Friday, 4 May 2012

Quality time apart?

One of the major things that strikes people about allowing our children to learn at home seems to be the fact I will not get a 'break' from them. I've heard many people say "I can't wait for my so-and-so to go to school so I can have a bit of time to myself". Who can blame them? Parenting is an exhausting and all-consuming job, and one of the big debates I've had with myself has been over whether I will miss out on 'quality' time with Callum and Charlie because their older brother is about all the time. Even expressing this thought in writing is making me very uncomfortable, I just couldn't send Joseph to school for any other reason than because I strongly felt that this would be the best place for him to learn, and because I don't have that feeling in the slightest I cannot send him.

I've done a great deal of soul-searching over the last year or so, asking myself where all this is coming from and whether I am responding to a need or some unresolved issue in myself. I feel I can confidently say that this is not the case. I've also had to think seriously about the time commitment that will be required on my part and the fact that all three boys will be with me pretty much all day every day. Recently another parent we know approached Oliver and told him that there's no way I'll be able to put up with having Joseph around me all the time and that he'll be in school within 6 months! I'm not offended by this, I completely understand the need of parents to have time away from their children and this statement probably reflected a fair amount of projection on the part of the parent involved. Who knows maybe Joseph will be at school in 6 months, I'm planning to go with the flow and do what seems best for him so I wouldn't rule anything out. What I do know though is that if and when he does ever go to school it will be because that seems to be the best place for him, and not because I need a break from him at home.
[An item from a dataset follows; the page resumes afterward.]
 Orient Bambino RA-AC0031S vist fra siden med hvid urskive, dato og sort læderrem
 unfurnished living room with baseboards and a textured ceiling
People have often asked how I cope being at home with the boys all the time, and commented on how difficult it must be not to have the 'break' of paid work. As I have grown into my role as mother though, I have found that I don't find it a 'break' to spend significant periods of time away from my children. Of course I love a bit of time alone, as I write this I'm sat alone in a cafe on a sunny afternoon while Ollie is at home with the boys and it's positively blissful! There are also times when I would say I need time alone too; at the beginning of the year I had a lot on my mind, decisions to make, and needed time alone to think it all through. Never more than a few hours though. What I've learned about myself is that I feel more calm and peaceful at home with the children the more time I spend with them, and I think there are two main reasons for this:

The more time I spend with the boys, the more 'in tune' I feel with them and the better I feel able to respond to their needs.....and the better I am at responding to them, the more peaceful our relationship is. Because I'm with them all the time I understand their flow throughout the day, I feel better able to read their cues and can often anticipate issues before they arise. I do a better job when I'm with them more, I'm not saying everyone does, but I do. If I've had a few hours away I find it really difficult to step back into the pace of home life, pick up on where everybody is and respond accordingly. It often takes a little while to readjust after all we have three small boys, our home life probably seems 'chaotic' to some, but not to me if I don't step outside of it!!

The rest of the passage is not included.